Assigned task: A faithful copy is required of the lines from the top of the entries through the line that contains "HOMCOM Poubelle de", both included, with no pictures.

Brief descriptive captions
+---+

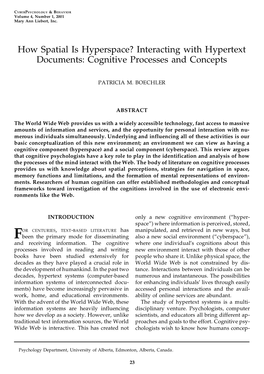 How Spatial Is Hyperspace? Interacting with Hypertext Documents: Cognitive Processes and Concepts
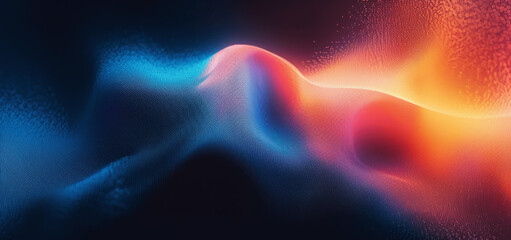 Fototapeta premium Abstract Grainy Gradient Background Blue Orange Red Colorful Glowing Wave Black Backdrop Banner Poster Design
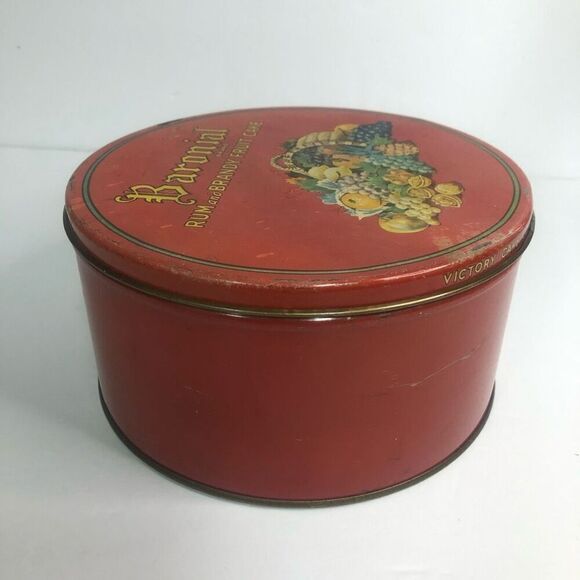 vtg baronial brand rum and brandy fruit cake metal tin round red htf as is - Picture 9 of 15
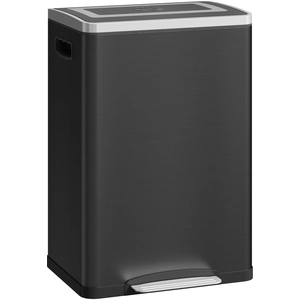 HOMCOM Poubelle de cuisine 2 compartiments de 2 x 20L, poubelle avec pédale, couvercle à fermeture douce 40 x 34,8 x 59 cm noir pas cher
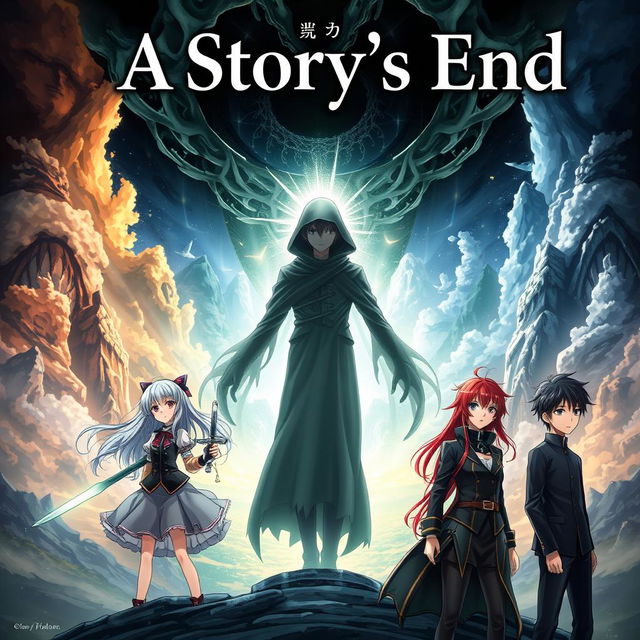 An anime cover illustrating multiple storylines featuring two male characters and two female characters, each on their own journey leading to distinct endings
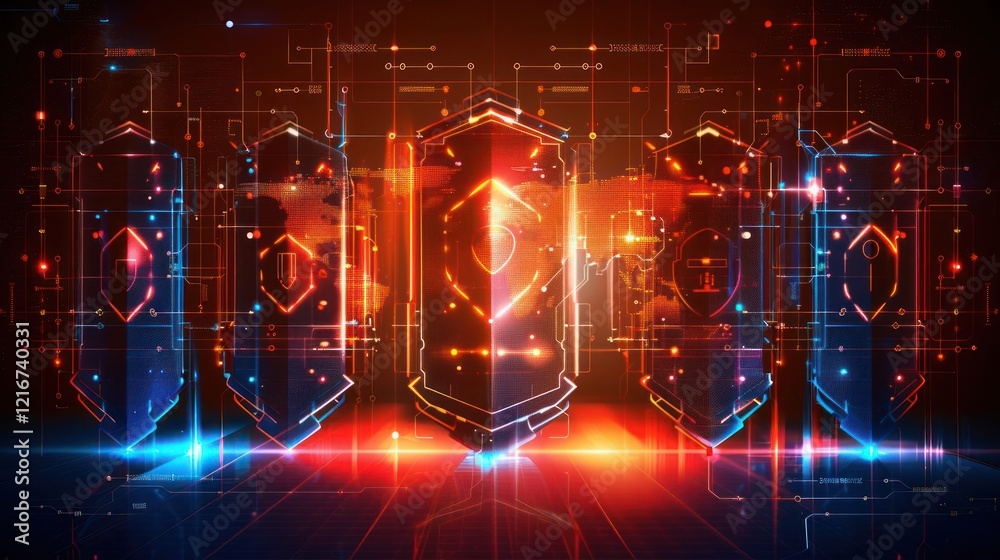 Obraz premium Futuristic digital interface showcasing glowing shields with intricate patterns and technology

+---+

Output of the exercise:
 How Spatial Is Hyperspace? Interacting with Hypertext Documents: Cognitive Processes and Concepts
 Fototapeta premium Abstract Grainy Gradient Background Blue Orange Red Colorful Glowing Wave Black Backdrop Banner Poster Design
 vtg baronial brand rum and brandy fruit cake metal tin round red htf as is - Picture 9 of 15
 HOMCOM Poubelle de cuisine 2 compartiments de 2 x 20L, poubelle avec pédale, couvercle à fermeture douce 40 x 34,8 x 59 cm noir pas cher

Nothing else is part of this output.